The key to fulfilling fiduciary duty in selecting annuities is for insurance producers to disclose cost, performance and risk information and for plan fiduciaries to assess those factors, said Barry Flagg, specialty leader for life insurance at the Center for Board Certified Fiduciaries.

“These are the big three that have been missing from the prudent process for insurance products,” Flagg said.

Find out What does the SECURE Act mean for annuities here.

The use of annuities in retirement plans has been catalyzed by the SECURE Act, approved by Congress in 2019, which includes a provision easing the legal burden on plan fiduciaries to determine the solvency of annuity providers. They can now rely on assessments by state regulators.

“There will be a proliferation of products in this marketplace,” said Larry Raymond, specialty leader for annuities at the center. “We’re just seeing the tip of it now.”

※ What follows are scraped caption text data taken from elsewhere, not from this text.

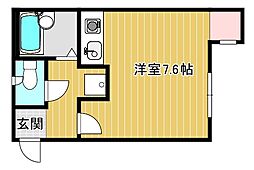京成本線 海神駅 徒歩10分の賃貸アパート 2階ワンルームの間取り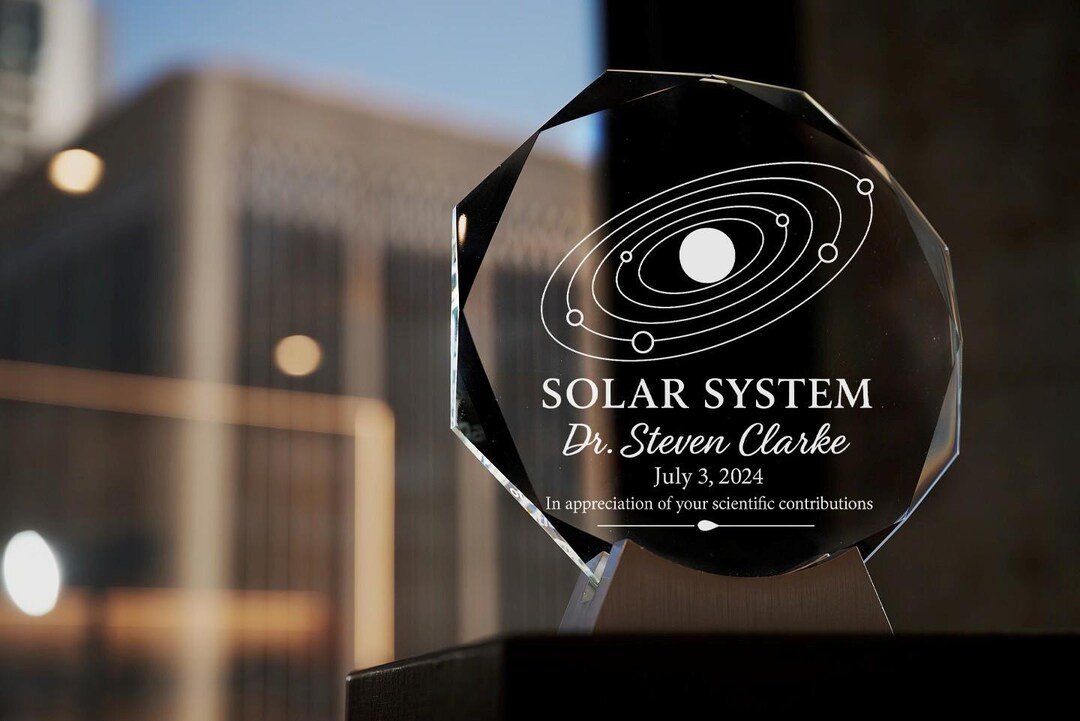Personalized Solar System Crystal Trophy – Custom Engraved Science ...
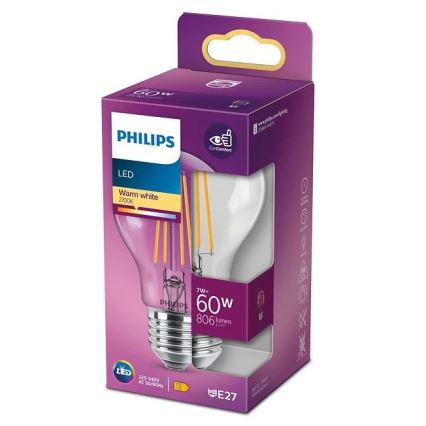 LED-pære VINTAGE Philips A60 E27/7W/230V 2700K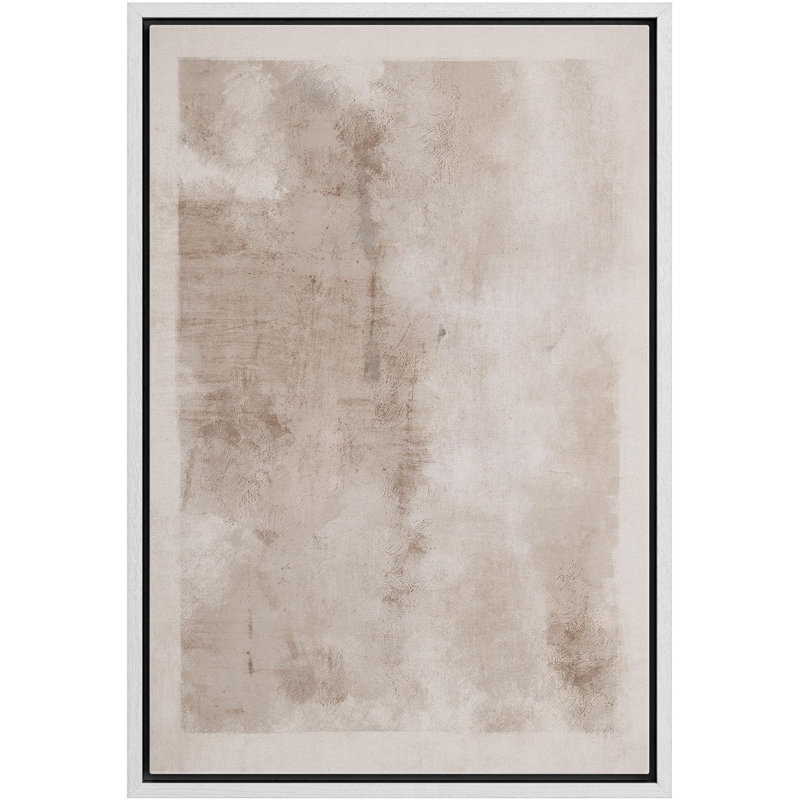 Faded Textured Brown Tan Colour Blocks Abstract Shapes Minimalism Contemporary Nordic Wall Decor, White Floater Frame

Mitch Shames, founder of Harrison Fiduciary, said a variety of annuities for 401(k) plans “are just bubbling up.” The demand for them is spurred by plan participants seeking the guaranteed income that annuities can provide in retirement.

“We’re in the very early stages of this product evolution,” Shames said. “We’ve seen some programs we’re very comfortable with. We’ve seen other programs we’re less comfortable with.”

Annuities tend to be a flash point in the debate over investment advice standards. Investor advocates point to the fact that many of them are complicated and come with high fees. Annuity proponents tout the peace of mind they can provide to retirees regarding cash flow.

State insurance regulators wrote a model annuity regulation that’s being adopted by individual states. It is designed to enhance investor protections during annuity transactions but it is not a fiduciary standard.

Flagg said that rule does not go as far as the center’s best practices for annuities because the state annuity rule requires advisers to disclose costs but not justify them.

“It is a step in the right direction,” Flagg said. “”There is more to be done, and the center is filling that gap.”